Exercise data:
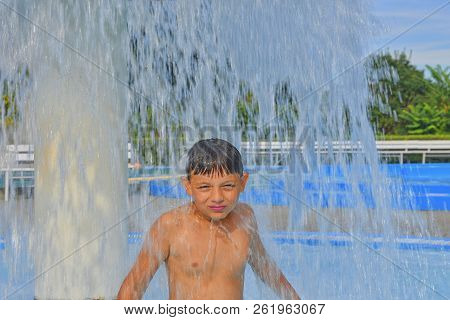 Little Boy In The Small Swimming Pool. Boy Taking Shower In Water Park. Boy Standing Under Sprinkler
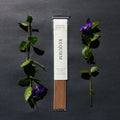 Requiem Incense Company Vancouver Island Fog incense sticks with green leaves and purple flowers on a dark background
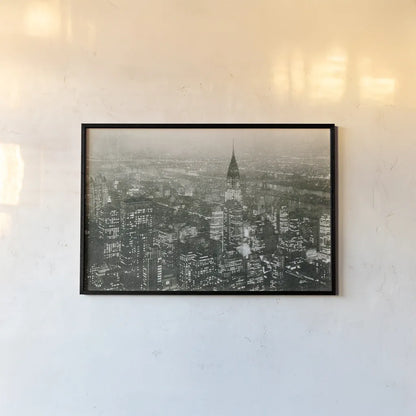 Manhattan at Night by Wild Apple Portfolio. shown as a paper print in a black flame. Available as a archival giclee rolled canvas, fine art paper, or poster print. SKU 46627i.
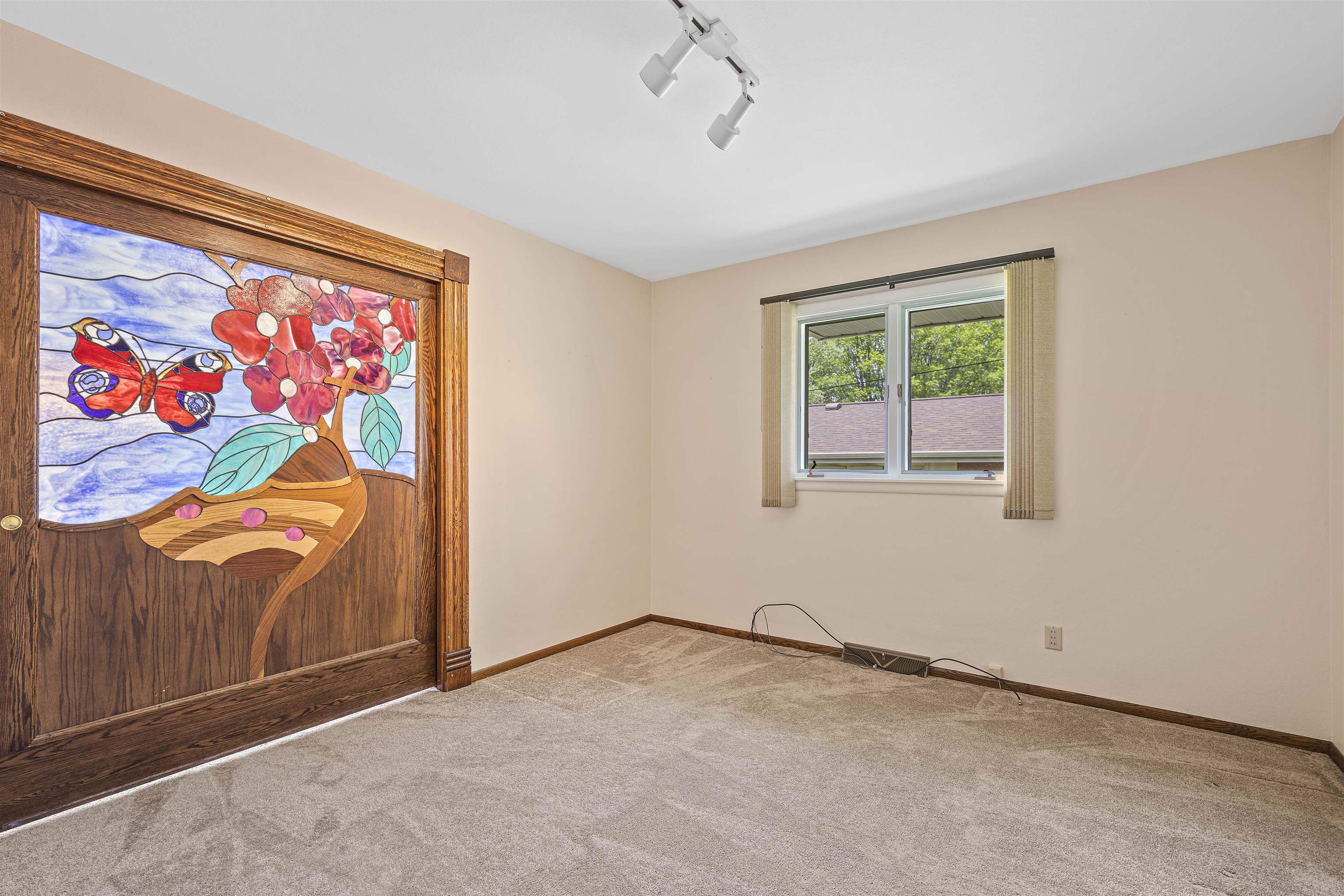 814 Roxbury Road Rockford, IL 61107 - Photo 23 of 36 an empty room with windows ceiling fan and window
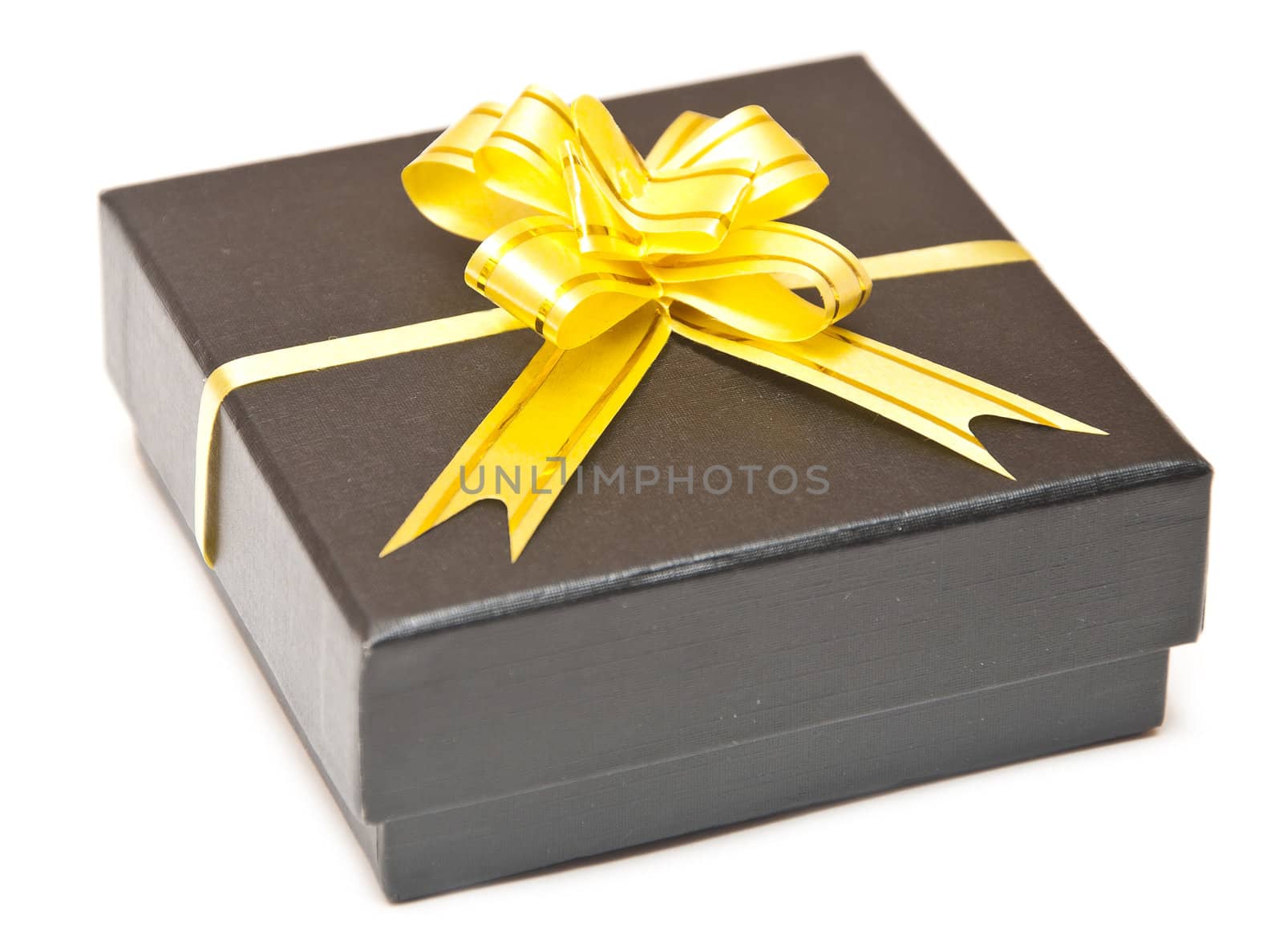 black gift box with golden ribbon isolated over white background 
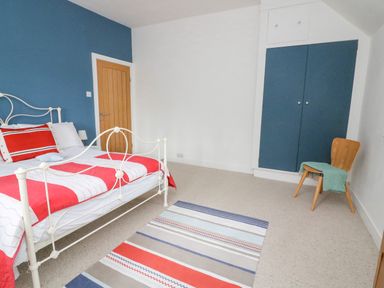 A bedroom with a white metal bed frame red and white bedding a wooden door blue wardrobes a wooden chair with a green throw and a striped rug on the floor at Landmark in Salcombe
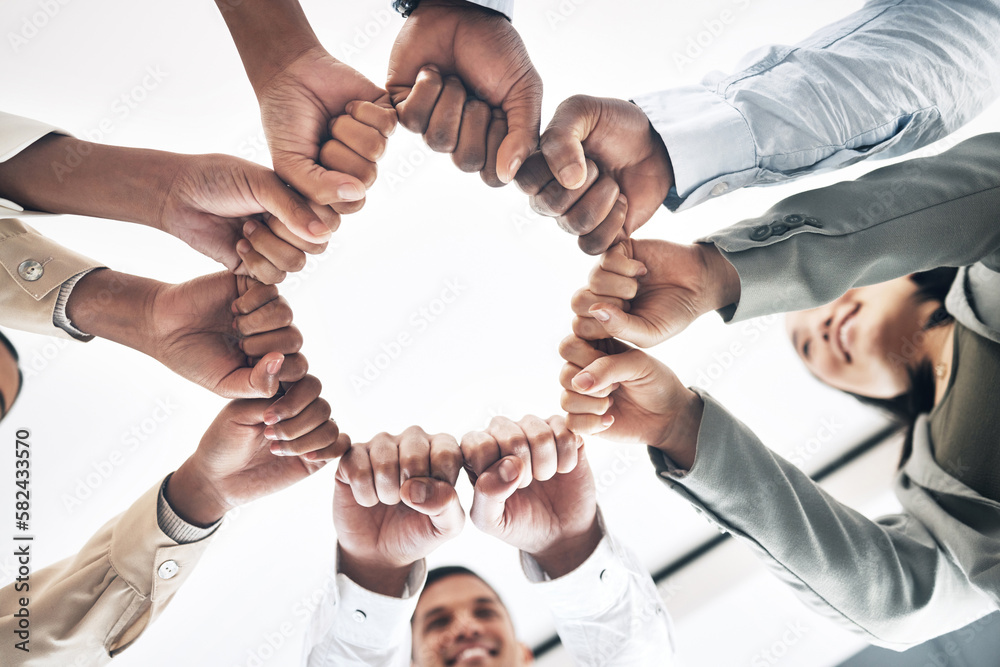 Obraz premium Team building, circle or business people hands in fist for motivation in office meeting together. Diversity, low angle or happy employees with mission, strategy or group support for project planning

--

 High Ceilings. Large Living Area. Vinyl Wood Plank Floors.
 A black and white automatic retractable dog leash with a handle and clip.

--

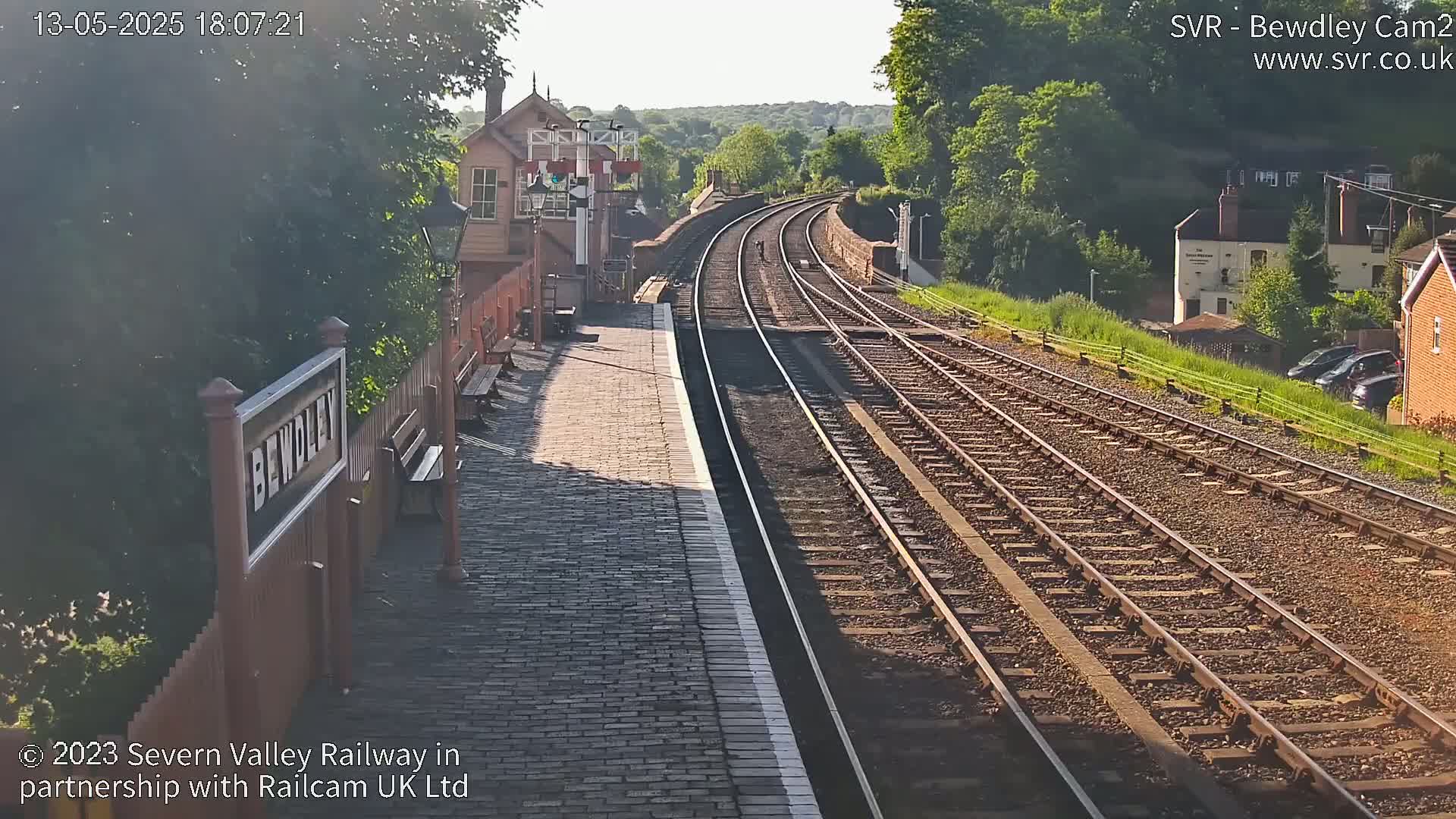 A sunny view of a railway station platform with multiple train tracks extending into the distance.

Problem statement: Restate word for word every line from the one with "Manhattan at Night" up to and including the one with "814 Roxbury Road" in the records above, minus the pictures.

Result of this task:
 Manhattan at Night by Wild Apple Portfolio. shown as a paper print in a black flame. Available as a archival giclee rolled canvas, fine art paper, or poster print. SKU 46627i.
 814 Roxbury Road Rockford, IL 61107 - Photo 23 of 36 an empty room with windows ceiling fan and window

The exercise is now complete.